Aber am nächsten Morgen steht man unter strahlendem Himmel, hundert Meter überm Meer, und schaut nach Westen, wo sich die schroffen weißen Felsen über viele Kilometer hintereinanderschichten. Unten liegt spiegelglatt das Meer, oben wellt sich das Land zu grünen Hügeln, und es fällt schwer, nicht sämtliche Klischees auf einmal zu bemühen: weite, erhabene Landschaft! Frei wie ein Vogel! Unberührte Natur! Ob der Schiffssteward schon mal hier stand, mit Blick auf die schmalste Stelle der Meeresstraße zwischen England und dem Kontinent?

Vielleicht fand er den Blick sogar umwerfend, dachte aber: »So what?« Man kann ja auch einfach nur schauen. Ohne daran zu denken, welchen Einfluss die Felsen auf Geschick und Geschichte hatten: Nach außen dienten sie als Festungswall gegen feindliche Mächte auf See – schon Cäsar machte lieber einen Bogen um sie und landete weiter nördlich. Für Heimkehrer waren die Felsen das Erste, was weit übers Meer zu sehen war. Und so schimmerten die White Cliffs of Dover, viel besungen und beschrieben, durch die Jahrhunderte, als Trutzburg und Heimathafen, Abwehr und Schutz, und wurden zum Wahrzeichen der Nation.

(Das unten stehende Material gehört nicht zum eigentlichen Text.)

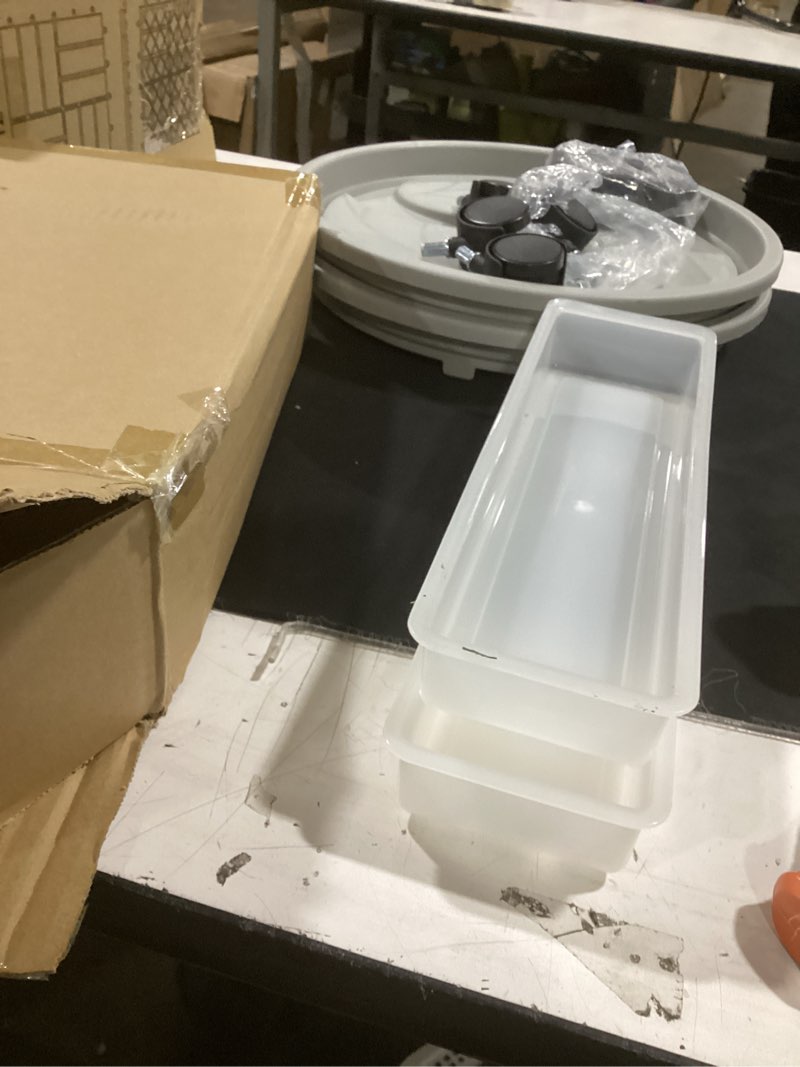 Condition photo showing Good Condition for 2-pack 13" plant caddy with wheels, drainage tray & heavy-duty casters - large rolling plant stand for moving heavy pots, indoor & outdoor use, grey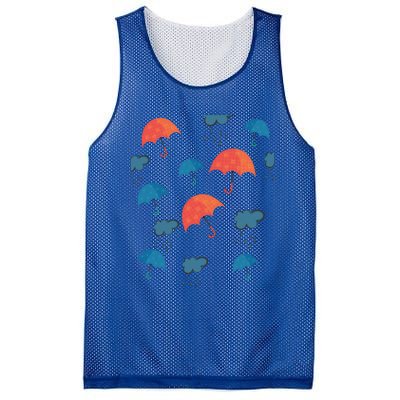 Rainy Day Umbrellas And Rain Clouds Cute Gift Mesh Reversible Basketball Jersey Tank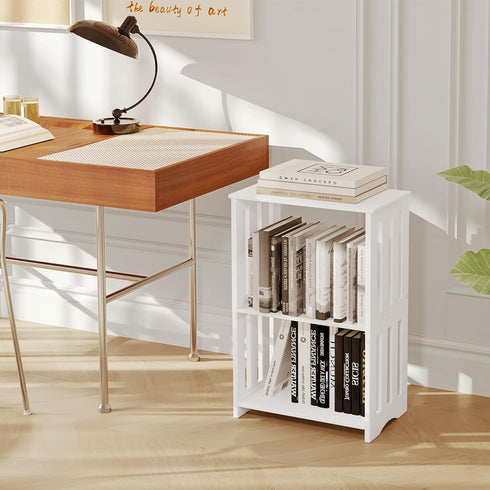 3-Tier HAYOFAMY End Table Nightstand White, Narrow Side Table with Storage Shelf, Small Bookshelf Bedside Table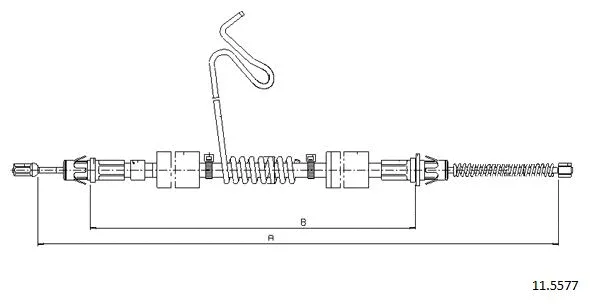 11.5577 CABOR Тросик, cтояночный тормоз (фото 1)
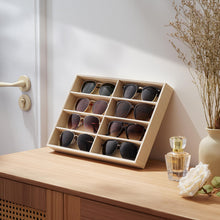 Carica l'immagine nel visualizzatore di Gallery, Pickpiff Organizer Occhiali da Sole, Organizer Occhiali Velluto 8 Scomparti, 35x24x4cm, Beige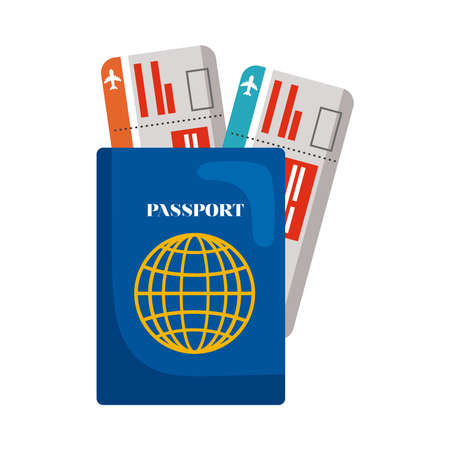 passport and tickets traveling iconsのイラスト素材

Doch ist er heute noch von Bedeutung, Englands imposanter Vorposten? »Die cliffs sind uns Briten lieb und teuer«, sagt Gareth Wiltshire beim Spaziergang über den Felsen. Der junge Mann aus Dover arbeitet für den National Trust, die größte Natur- und Kulturschutzorganisation in Europa. Als diese im Jahr 1968 begann, neben Schlössern und Landsitzen auch Küstenstreifen aufzukaufen, um sie vor Bebauung und Ausbeutung zu bewahren, standen die Kreidefelsen ganz oben auf der Wunschliste. »Ein Puzzlestück nach dem anderen« habe der Trust über die Jahre erworben, sagt Gareth Wiltshire. Bis der Organisation acht Kilometer zu beiden Seiten von Dover gehörten. Nur ein Stück von 1,3 Kilometer Länge war noch Privateigentum. Erst in diesem Jahr stand es zum Verkauf. Im Sommer startete der Trust einen groß angelegten Spendenaufruf; 1,2 Millionen Pfund sollten bis Ende des Jahres zusammenkommen, um den »Missing Link« zu kaufen. Prominente wie Judi Dench und Vera Lynn beteiligten sich an der Kampagne; der in England beliebte Philosoph Julian Baggini ergründete als writer-in-residence eine Woche lang die Bedeutung der cliffs. Gareth Wiltshire lächelt vor sich hin. Er hat nie am Erfolg der Aktion gezweifelt. Und freut sich wie ein Kind, dass das Geld volle sieben Wochen vor Fristende schon da war. Nein, gegeizt haben die Briten nicht.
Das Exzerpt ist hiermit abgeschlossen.